Furthermore, since the effects that active ingredients and metabolites in water can have on the environment and what danger they can represent for human health, greater use of drugs that is currently implemented in the veterinary field, both for curative and productive purposes especially in intensive farming, should not be underestimated. This sector is undoubtedly responsible for a large amount of environmental and water contamination that is difficult to control, and it can aggravate this situation.
Wastewater from intensive farms, generally undergoes less effective purification treatments than civil plants. To these residues must be added those of all the drugs widely used, illegally, on farm animals for auxinic, masking purposes, etc.
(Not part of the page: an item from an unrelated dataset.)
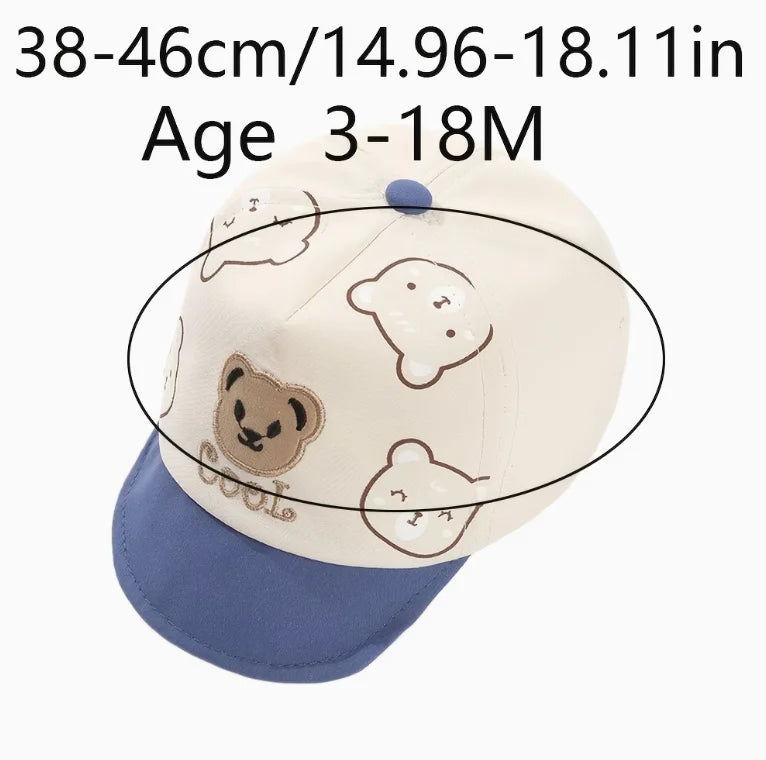 0-1Y Baby Hat Spring/Summer Sun Hat for Infants, Cute Cartoon Bear Baseball Cap with Soft Brim Lightweight for Outdoor Play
The possibility that pharmaceutical residues can cause direct damage to the environment and indirect damage to humans led US Food and Drug Administration and the European Agency for the Evaluation of Medicinal Products - EMEA), to include environmental risk assessment as an essential requirement in each dossier presented to put new drugs on the market, as provided in the guidelines issued by both agencies, FDA and EMEA, in 1997 and 2001 respectively, updated in 1998 and 2006 (FDA 1998; EMEA 2006b). Both documents initially require a careful assessment of the predicted environmental distribution of the active ingredient and its main metabolites. In practice, through mathematical formulas that consider the quantity of product sold, the maximum therapeutic dose foreseen per patient/day and daily produced wastewater per inhabitant, it is possible to estimate predicted concentrations.
For veterinary medicinal products also, the EMEA has issued a series of guidelines (EMEA, 2000; 2005; 2006a) which make it necessary to evaluate contamination and environmental persistence for the purposes of any marketing authorisation of veterinary medicines.